### Aim of the exercise:
Your copy should begin with the line containing "A small volume", end with the line containing "human IgG antibody.", match the listing below exactly, and contain no pictures.
#### Data excerpts
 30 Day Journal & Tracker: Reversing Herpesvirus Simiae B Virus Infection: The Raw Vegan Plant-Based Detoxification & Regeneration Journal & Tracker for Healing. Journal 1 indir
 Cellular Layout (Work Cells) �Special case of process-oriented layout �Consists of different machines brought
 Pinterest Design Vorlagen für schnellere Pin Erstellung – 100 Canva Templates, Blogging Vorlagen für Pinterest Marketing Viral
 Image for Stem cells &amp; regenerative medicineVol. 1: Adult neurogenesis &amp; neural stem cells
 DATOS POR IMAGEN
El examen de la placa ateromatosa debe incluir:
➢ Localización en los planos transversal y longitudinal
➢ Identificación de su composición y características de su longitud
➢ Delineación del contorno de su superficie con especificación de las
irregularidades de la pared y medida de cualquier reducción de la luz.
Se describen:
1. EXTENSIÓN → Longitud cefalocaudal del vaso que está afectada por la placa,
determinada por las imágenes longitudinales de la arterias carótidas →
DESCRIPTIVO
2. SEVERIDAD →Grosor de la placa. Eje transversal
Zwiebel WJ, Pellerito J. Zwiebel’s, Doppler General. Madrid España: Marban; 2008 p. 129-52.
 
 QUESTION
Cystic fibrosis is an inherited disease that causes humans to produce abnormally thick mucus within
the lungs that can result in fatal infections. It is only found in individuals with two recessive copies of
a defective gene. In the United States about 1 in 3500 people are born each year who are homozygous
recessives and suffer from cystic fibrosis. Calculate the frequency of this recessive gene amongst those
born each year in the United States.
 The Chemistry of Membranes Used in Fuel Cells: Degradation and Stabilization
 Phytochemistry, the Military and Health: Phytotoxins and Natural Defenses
########
#### Data excerpts
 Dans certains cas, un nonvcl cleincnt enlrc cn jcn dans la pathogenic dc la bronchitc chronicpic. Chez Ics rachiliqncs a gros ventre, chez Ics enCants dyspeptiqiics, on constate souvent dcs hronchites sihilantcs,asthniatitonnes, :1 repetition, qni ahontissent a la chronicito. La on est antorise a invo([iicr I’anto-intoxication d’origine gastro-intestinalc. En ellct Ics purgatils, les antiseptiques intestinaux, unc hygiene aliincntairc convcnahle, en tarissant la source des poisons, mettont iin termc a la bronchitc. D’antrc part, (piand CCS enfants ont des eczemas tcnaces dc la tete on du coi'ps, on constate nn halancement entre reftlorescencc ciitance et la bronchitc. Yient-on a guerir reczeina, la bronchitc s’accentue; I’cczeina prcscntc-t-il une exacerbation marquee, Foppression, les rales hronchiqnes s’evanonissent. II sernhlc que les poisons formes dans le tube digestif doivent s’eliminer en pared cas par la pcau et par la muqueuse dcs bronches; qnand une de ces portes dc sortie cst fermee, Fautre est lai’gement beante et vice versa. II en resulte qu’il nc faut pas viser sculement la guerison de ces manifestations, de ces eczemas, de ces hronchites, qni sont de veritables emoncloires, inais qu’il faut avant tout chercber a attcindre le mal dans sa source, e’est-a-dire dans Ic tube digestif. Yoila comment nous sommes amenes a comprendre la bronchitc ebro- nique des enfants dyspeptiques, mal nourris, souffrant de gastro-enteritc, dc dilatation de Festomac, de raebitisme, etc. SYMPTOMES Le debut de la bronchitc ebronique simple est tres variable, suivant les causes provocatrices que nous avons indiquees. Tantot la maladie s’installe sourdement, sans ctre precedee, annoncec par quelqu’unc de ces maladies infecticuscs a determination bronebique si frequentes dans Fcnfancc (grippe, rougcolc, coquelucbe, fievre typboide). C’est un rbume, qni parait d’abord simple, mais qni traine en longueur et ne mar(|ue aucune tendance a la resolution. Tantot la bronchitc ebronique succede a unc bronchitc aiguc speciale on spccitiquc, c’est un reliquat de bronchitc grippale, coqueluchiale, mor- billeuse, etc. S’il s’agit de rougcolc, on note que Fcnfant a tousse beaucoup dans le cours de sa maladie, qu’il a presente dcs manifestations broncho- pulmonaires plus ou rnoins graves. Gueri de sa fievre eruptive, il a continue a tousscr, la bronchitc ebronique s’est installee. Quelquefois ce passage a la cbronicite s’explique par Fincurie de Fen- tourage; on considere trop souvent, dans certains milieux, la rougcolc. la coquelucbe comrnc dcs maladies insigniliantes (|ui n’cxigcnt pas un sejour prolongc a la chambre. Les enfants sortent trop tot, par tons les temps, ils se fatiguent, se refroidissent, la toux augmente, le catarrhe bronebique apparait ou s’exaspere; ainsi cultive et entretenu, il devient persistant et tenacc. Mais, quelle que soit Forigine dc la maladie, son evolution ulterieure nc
########
#### Data excerpts
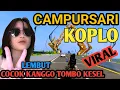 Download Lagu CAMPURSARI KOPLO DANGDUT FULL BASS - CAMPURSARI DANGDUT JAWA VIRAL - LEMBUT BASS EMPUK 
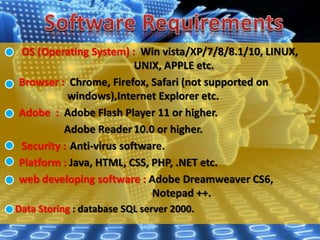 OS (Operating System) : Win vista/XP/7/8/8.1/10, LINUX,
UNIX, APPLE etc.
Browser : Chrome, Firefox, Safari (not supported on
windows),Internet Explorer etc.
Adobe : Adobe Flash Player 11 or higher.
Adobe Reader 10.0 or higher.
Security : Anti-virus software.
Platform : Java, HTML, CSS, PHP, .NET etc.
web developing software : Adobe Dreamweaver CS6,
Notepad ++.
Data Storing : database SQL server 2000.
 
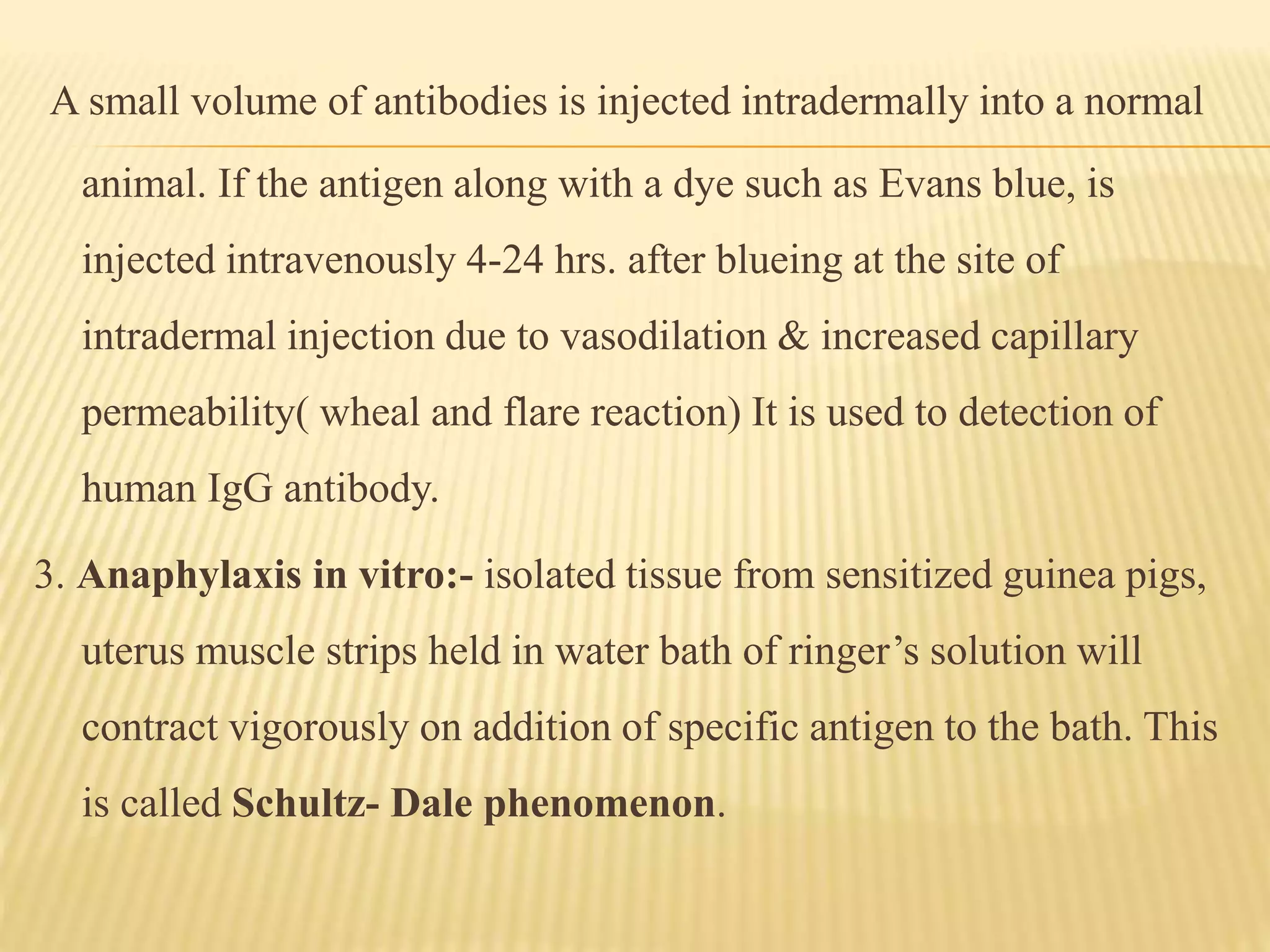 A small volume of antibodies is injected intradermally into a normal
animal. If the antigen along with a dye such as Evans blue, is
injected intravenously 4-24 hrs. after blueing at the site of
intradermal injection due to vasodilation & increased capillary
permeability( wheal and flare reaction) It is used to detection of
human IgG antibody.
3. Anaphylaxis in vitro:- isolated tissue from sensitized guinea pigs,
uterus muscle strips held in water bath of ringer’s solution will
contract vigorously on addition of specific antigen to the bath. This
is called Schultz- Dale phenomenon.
########
### Written reply:
 A small volume of antibodies is injected intradermally into a normal
animal. If the antigen along with a dye such as Evans blue, is
injected intravenously 4-24 hrs. after blueing at the site of
intradermal injection due to vasodilation & increased capillary
permeability( wheal and flare reaction) It is used to detection of
human IgG antibody.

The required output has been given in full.